なぜロシアの山奥にそんな資料が遺されていたのか???

【フィラデルフィア計画とは】

更に研究室の奥へと進むと、そこには奇妙な光を放つ洞窟がぽっかりと穴を開けていた。
そこへ凶暴な2匹のクリーチャーが現れ、学生たちに襲い掛かる。
1名の男子学生が命を落とし、男女1名ずつが生き残った。
しかし施錠された扉から外には出る事ができない。
追い詰められた二人は、光る洞窟がワープホールの入り口だと考え、カメラを持ったまま飛び込んだ。

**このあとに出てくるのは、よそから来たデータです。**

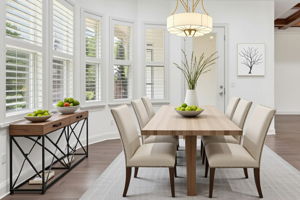 Virtually Staged Breakfast Nook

次の瞬間、カメラは扉の前に広がる雪を映し出していた。
そしてその前に横たわる学生の足は動かない。
そこへ現れた兵士に抱え上げられ、扉の中へと連れ戻されてゆく二人の男女。
カメラは拾い上げられ、研究室の中に置かれる。
研究室は先ほどのような廃墟ではなく、真新しい装備の中で研究者たちが作業を行っている。
そしてカメラが映し出したのは、意識を失った2匹のクリーチャー。
その生物の1匹には、生き残った女子学生と同じタトゥーが彫られていた。。。

オカルトとか超自然的なオチかと思っていたら、科学によって生み出されたクリーチャーの登場!
予想を見事に裏切ってくれました!
雪山で当時のソ連軍がワープホールの研究を行っていたんですね~。
そのワープホールが何故できたのかは説明されませんが、見た所自然に開いた穴のように見えます。

そしてまさかまさかのクリーチャーの正体!!
現代のワープホールを通った学生たちは異次元でクリーチャーへと変貌し、戦時中にタイムスリップしてソ連軍に捕らえられたんですね。
いつしか研究所は閉鎖されたがクリーチャーたちは生き延び、登山者たちを襲っていたという訳。
クリーチャーはCGで描かれていますが、瞬間移動できるので動きが早く、あまりその姿はよく拝ませてくれません。
でもどこに現れるか分からないのでかなり怖いです!

どうせ低予算のB級ホラーでしょ…と油断して見ていたので、この予想外の展開はなかなか衝撃的でした。
まあ間違いなくB級映画なんですが、それでもそれなりに楽しませてくれるのは、ヒットメーカー、レニー・ハーリンだから成せる技でしょうか。
実話や都市伝説を盛り込みながら人の好奇心を掻き立てる手法はうまいですねえ。